Paradise Pt. II 
Project under Development, 2023

The Natural Colonial-Gaze: Desiring the Exotic

In Paradise Part II, we will dive into a world of trees, and the stories we tell about them.

In the quest to make sense of their environment, humans rely on narratives, stories and myths. Storytelling is a way of structuring a chaos consisting of events, feelings, memories  into an understandable, agreeable whole, consciously or unconsciously incorporating certain impressions, while leaving out others. And these stories that we tell matter. Because these stories shape how we relate to the world, and how we deal with our environment. The stories we tell shape the very world we live in.

In our last project, Shangri-La, Paradise under Construction, we explored this theme, focussing on a town that proved to be the real Shangri-La, a fictional paradise on earth. We explored the myths and realities, fact and fiction behind this new Shangri-La, to find out how fact and fiction melted together, forming a new reality.

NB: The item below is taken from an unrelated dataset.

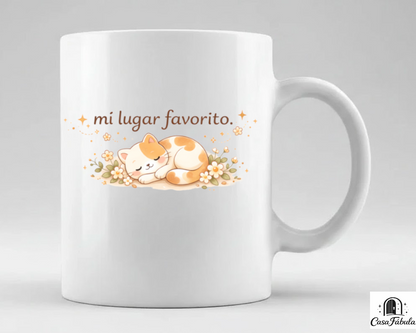 Taza mi lugar favorito con gatito kawaii dormido entre flores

In Paradise Pt. II we shift our focus to the stories that we tell about nature, with a focus on trees. In Western thought, nature is usually regarded as something that is ‘outside ourselves’, something that we, humans, are not really a part of. Nature serves as an escape from the complexities of our human lifes. We think of nature as something that is malleable, something that we can use for our own benefits, a resource. These narratives are heavily influenced by the natural colonial-gaze, a lens through which nature has often been perceived as a realm to be dominated, controlled and exploited. The current climate crisis demands a shift in this perspective on nature. We need to find new stories that enable us to relate differently to our environment. Most of us are aware of this by now, but we seem not to be too good at changing these narratives just yet.

In this project we will explore the portrayal of nature and trees in the present as well as the past, delving into the historical evolution of the representation of trees. The final project will consist of a mosaic of case studies. Each case study will revolve around a situation in which there is a tension between the story that is being told and the underlying reality, the synthetic and the real. Our goal is to unravel at what points in history the depiction of nature has strayed and with what consequences... In the present-day case studies we hope to focus on people who try to shift their focus on nature. Will this be with any success?

This project is in development.

General interest 

In the quest to make sense of their environment, humans rely on narratives, stories and myths that they tell themselves and others. But the narratives that are shaped around our relation to nature are heavily influenced by the natural colonial-gaze, a lens through which nature has often been perceived as a realm to be dominated and controlled.

Throughout history, narratives have shaped our perception of nature as an external, pristine entity, fostering an idealized escape from the complexities of human existence. However, this idealized portrayal has hindered our capacity to foster a holistic and sustainable rapport with the environment, resulting in a disconnect between our constructed stories and the complex realities they represent.

Despite the growing awareness of the need for a paradigm shift in our narrative approach to nature, we continue to struggle in reconciling the preconceived notions of the romanticized and enlightened views of nature. This tension between the constructed narrative and the authentic reality of our environmental challenges has led to a profound disconnect, perpetuating the colonial proposition that nature exists solely for our exploitation and benefit.
Telephone poles disguised as trees in Utah. 

In exploring the contemporary landscape and tracing the historical trajectory of humanity's portrayal of nature, it becomes evident that the roots of this dissonance can be found in the flawed narratives that have long dominated our understanding of the natural world. 

Paradise Pt II project will exist out of a mosaic of case studies around this proposition. We are working with cases where there is a tension between the narrative that is created and the underlying represented reality, the synthetic and the real. We will both focus on the present day, as well as tracing back history of the image of nature, asking ourselves the question: where and how did it go wrong, and with what consequences?

The first sequoia tree that was transported to a world fair in the US, after being ‘discovered’ in California by Western settlers. The bark was peeled off the original tree, transported and assembled at the fair. The tree was assembled so poorly, that visitors thought the it was a fake, a hoax, and for several years the discovery was not taken seriously at all.